Some love candy, others love cereal. Still others snack on bagels, crackers, cookies, or their kids’ snack food.
I’m not saying all women who love group fitness overdo it, nor, that they all constantly crave carbohydrates. However, in my experience, most women who hit it pretty hard with high-intensity cardio also deal with an insatiable appetite for sugar. It's a natural response in the body — when you burn sugar, you crave sugar and that's exactly what happens when you consistently exercise at intensity levels near, at or above what's called anaerobic threshold.
I don’t want to alienate the men who do the same thing. Though there aren’t nearly as many guys who live for group fitness classes, there are plenty who live for running and cycling, and have a similar yearning for sugary foods throughout the day.
Physically, most of these men and women appear healthy. Often they’re even quite lean. Friends and fellow gym-goers may look at them and wish they could attain a similar level of leanness. The way someone looks on the outside is not a good indicator of what’s going on inside.
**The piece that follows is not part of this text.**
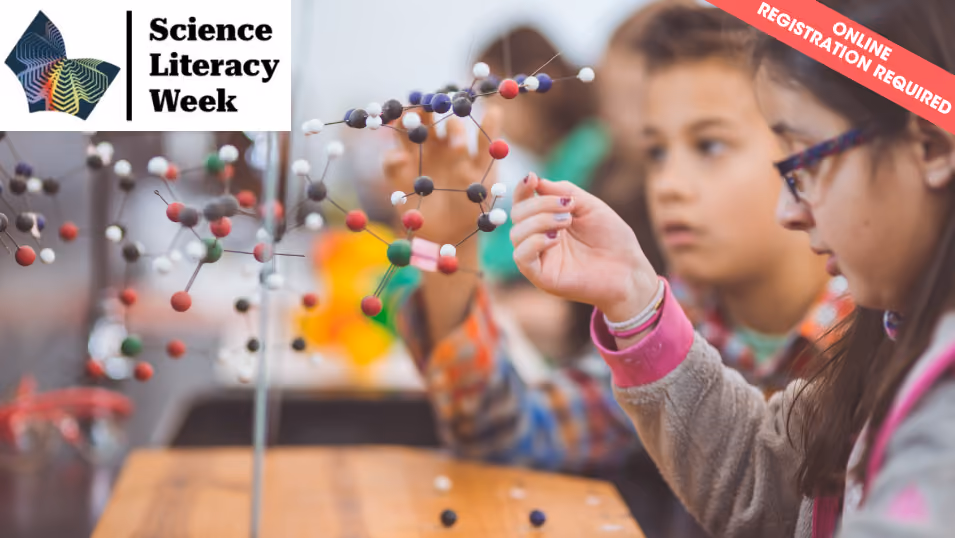Curiosity, Unleashed (ages 7 - 9)
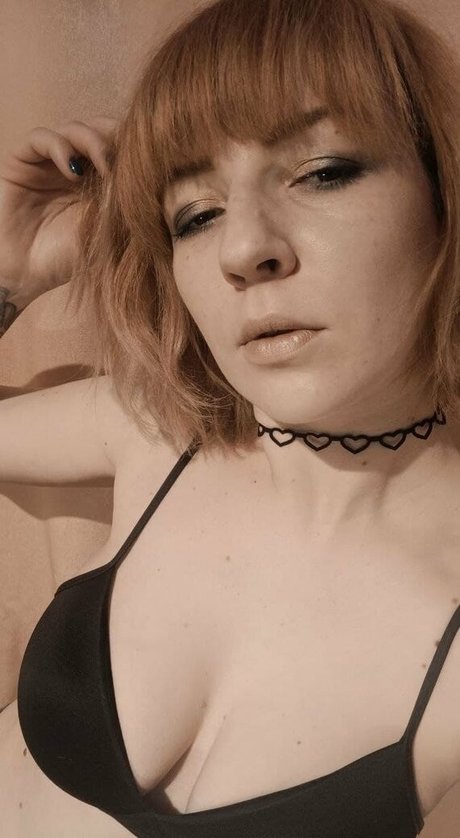 anitanelson hd star archive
A new study, titled Glucose Levels and Risk of Dementia, in The New England Journal of Medicine, strongly made this point.
- In the study, 839 men and 1,228 women had their glucose and glycated hemoglobin (HbA1c) levels measured.
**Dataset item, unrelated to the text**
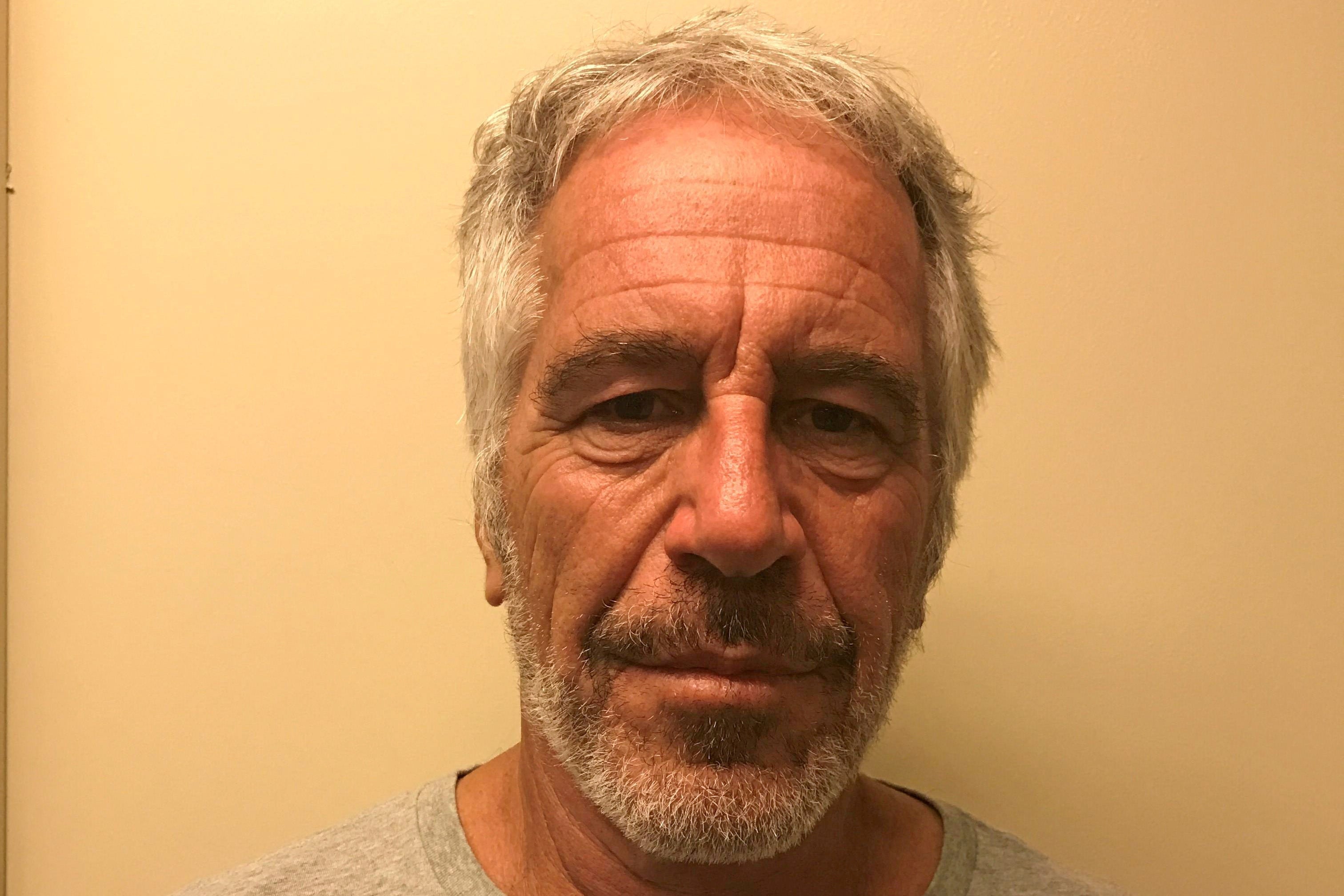 A judge ordered for the documents relating to Epstein (pictured) to be released last month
- Of the 2,067 participants, 232 had diabetes and 1,835 didn’t.
- After an average of almost seven years, 25% people developed dementia.
- 86% of those who developed dementia DID NOT have diabetes.
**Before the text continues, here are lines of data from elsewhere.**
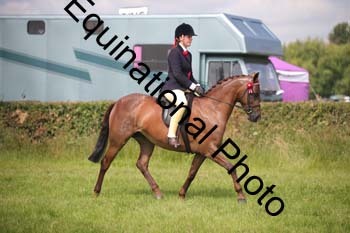 HOQ-1366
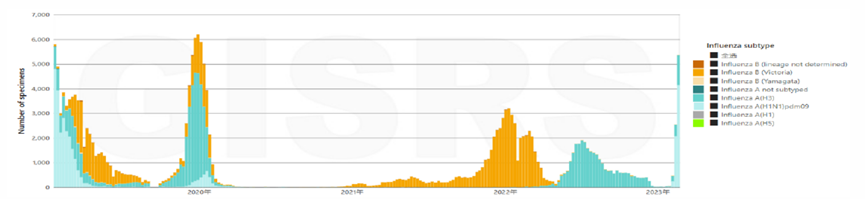 来源：全球流感监测和应对系统（GISRS），国泰基金整理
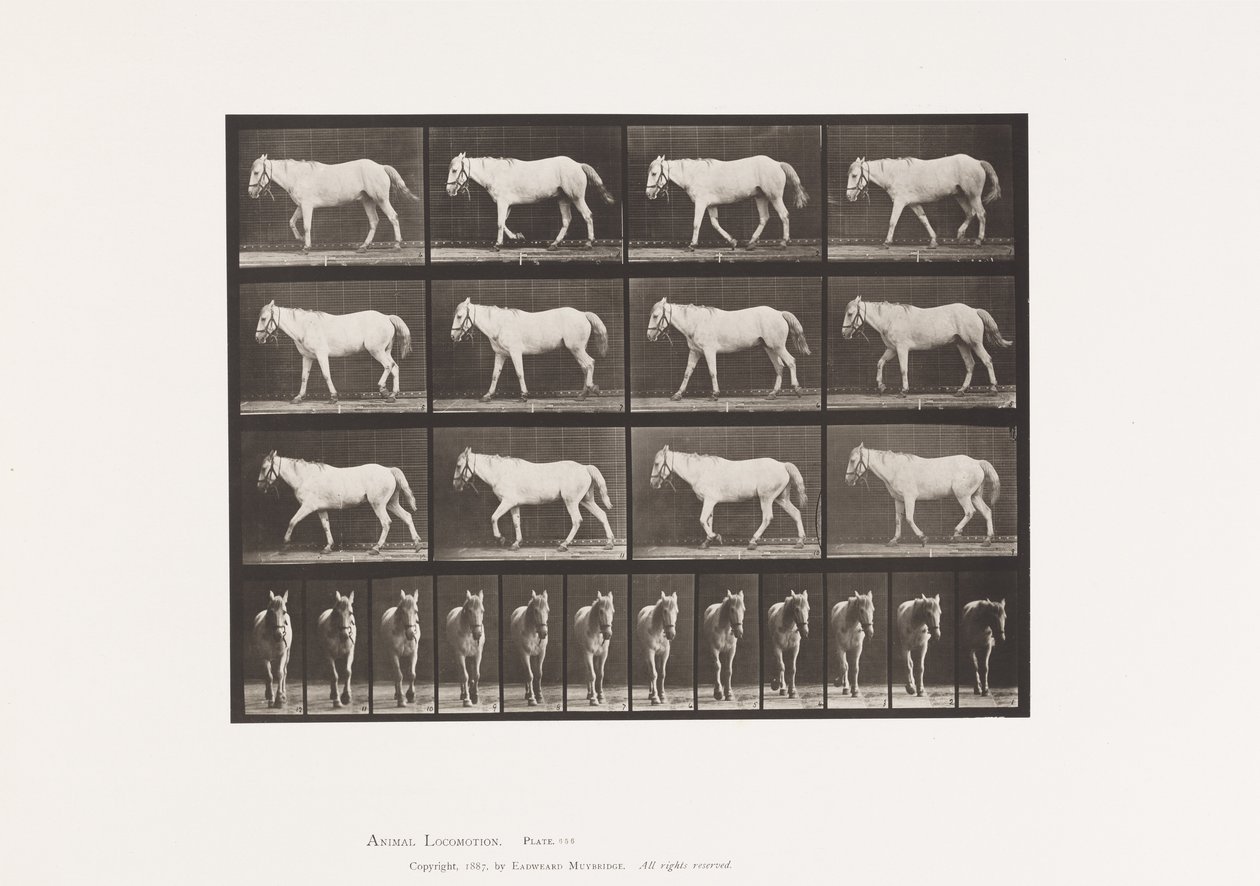 Płyta 656. Chodzenie; Bezpłatny; Kostnienie chrząstki autorstwa Eadweard Muybridge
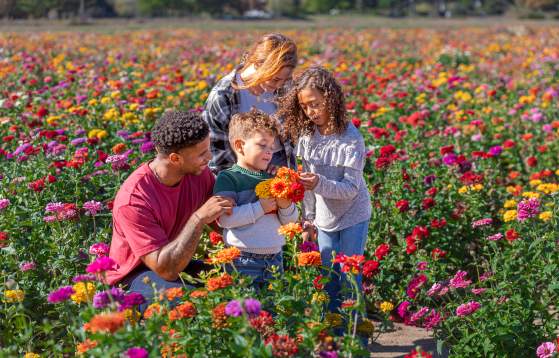 Shady Brook Farm flower picking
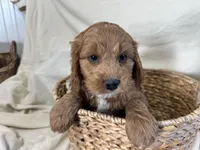Conrad, a male Cockapoo for sale in Athens, WI – Photo 5 of 10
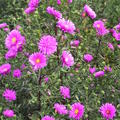 Aster novi-belgii Karminkuppel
- A blood glucose level of 115 mg/dl was a significant risk factor for the future development of dementia.
High blood sugar levels are a risk factor for dementia even among persons without diabetes.
Most people today who have a blood glucose level between 100-130 mg/dl are told that they’re still healthy by their healthcare practitioners. They might get a half-hearted warning to “keep an eye on their blood sugar” but get little direction beyond that.
This study suggests that those with a blood sugar over 100 mg/dl are not healthy.
Diabetes is diagnosed at blood sugar levels over 130 mg/dl. Dementia can be caused by much lower blood sugar levels. Slightly elevated blood sugar can cause significant problems.
Why does blood sugar rise? From eating sugar. All carbohydrates are converted to sugar, whether they come from brown rice or jelly beans and every individual has a varying ability to both metabolize and tolerate carbohydrates.
The best way to know what your tolerance looks like is to regularly measure your blood sugar levels.
Fasting blood sugar and glycated hemoglobin (HbA1c) are the two most common ways of testing how your body handles carbohydrates.
Never make an assumption about how your body handles blood sugar. Get tested on a regular basis, regardless of how you look or feel.
Please, please don’t make the mistake of thinking chronic cardio offsets the impact of overeating carbohydrate rich foods. Also, don’t make the mistake of thinking that being lean on the outside suggests you’re healthy on the inside. Elevated blood sugar could ruin your brain cells long before it affects your fat and muscle tissue.